Escaping plus in sed regular expression

Question

There is a file with following text:

CXX_FLAGS = -fPIC -Wall -Wextra -Wno-missing-braces -ffloat-store -pthread -std=gnu++17

To replace the string "-std=gnu++17" with "-std=c++17 -std=gnu++17", I tried:

sed -i -e 's/\-std\=gnu\+\+17/\-std=c\+\+17 \-std=gnu\+\+17/g' filename

That however does not work, until I remove the \\ escape from frst + sign in search expression. So these seem to be OK:

sed -i -e 's/\-std\=gnu++17/\-std=c\+\+17 \-std=gnu\+\+17/g' filename
sed -i -e 's/\-std\=gnu+\+17/\-std=c\+\+17 \-std=gnu\+\+17/g' filename
sed -i -e 's/\-std\=gnu..17/\-std=c\+\+17 \-std=gnu\+\+17/g' filename

I understand the + must be escaped when not in character class, but I thought one can prefix any character with backslash in regex. Why does escaping the + sign here cause the search-replace to fail?

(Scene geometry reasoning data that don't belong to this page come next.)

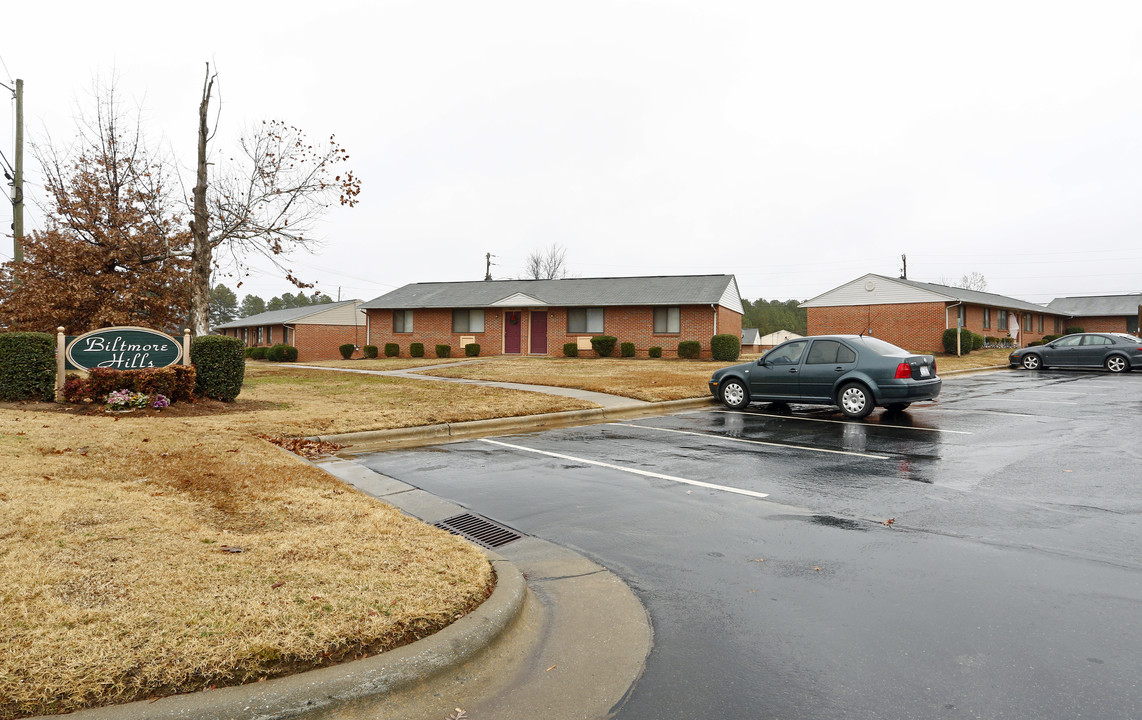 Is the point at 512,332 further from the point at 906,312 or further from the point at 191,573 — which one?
the point at 191,573

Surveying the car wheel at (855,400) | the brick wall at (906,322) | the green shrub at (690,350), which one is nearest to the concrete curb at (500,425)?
the car wheel at (855,400)

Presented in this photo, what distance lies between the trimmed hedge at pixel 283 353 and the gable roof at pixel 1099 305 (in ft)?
187

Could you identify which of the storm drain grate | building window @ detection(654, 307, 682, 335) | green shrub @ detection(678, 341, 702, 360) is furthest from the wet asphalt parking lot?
building window @ detection(654, 307, 682, 335)

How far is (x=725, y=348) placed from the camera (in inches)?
1181

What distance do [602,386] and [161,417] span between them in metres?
9.36

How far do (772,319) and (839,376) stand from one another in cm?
9824

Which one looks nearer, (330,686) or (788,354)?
(330,686)

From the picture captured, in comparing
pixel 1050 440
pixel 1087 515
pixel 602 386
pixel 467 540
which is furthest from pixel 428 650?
pixel 602 386

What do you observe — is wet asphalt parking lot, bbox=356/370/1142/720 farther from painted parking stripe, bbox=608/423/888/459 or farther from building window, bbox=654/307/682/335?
building window, bbox=654/307/682/335

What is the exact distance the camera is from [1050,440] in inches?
357

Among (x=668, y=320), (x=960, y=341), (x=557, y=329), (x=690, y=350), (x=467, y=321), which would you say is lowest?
(x=690, y=350)

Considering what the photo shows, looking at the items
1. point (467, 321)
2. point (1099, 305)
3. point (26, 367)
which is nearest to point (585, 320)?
point (467, 321)

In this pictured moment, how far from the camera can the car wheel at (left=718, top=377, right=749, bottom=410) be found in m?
13.5

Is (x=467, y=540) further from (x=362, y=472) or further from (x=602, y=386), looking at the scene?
(x=602, y=386)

The OS is Ubuntu 20.04 LTS.

Answer 1

You have not used -r nor -E option, so you tell sed to parse the regex pattern as a POSIX BRE expression. In GNU sed , in a POSIX BRE expression, \\+ is a quantifier matching 1 or more occurrences of the quantified pattern. Run sed -e 's/\\-std\\=gnu\\+\\+17/\\-std=c\\+\\+17 \\-std=gnu\\+\\+17/g' <<< '-std=gnuuuu17' and the result will be -std=c++17 -std=gnu++17 . To match + , you just need to use + .

Note you overescaped a lot of chars and your command is unnecessarily long because you repeated the pattern in both the LHS and RHS.

You may use the following POSIX BRE sed command with GNU sed :

sed -i 's/-std=gnu++17/-std=c++17 &/' filename

See the sed online demo :

s='CXX_FLAGS = -fPIC -Wall -Wextra -Wno-missing-braces -ffloat-store -pthread -std=gnu++17'
sed 's/-std=gnu++17/-std=c++17 &/' <<< "$s"
# => CXX_FLAGS = -fPIC -Wall -Wextra -Wno-missing-braces -ffloat-store -pthread -std=c++17 -std=gnu++17

Details

• -std=gnu++17 - the string pattern matches -std=gnu++17 string exactly
• -std=c++17 & - the replacement pattern is -std=c++17 , space and & stands for the whole match, -std=gnu++17 .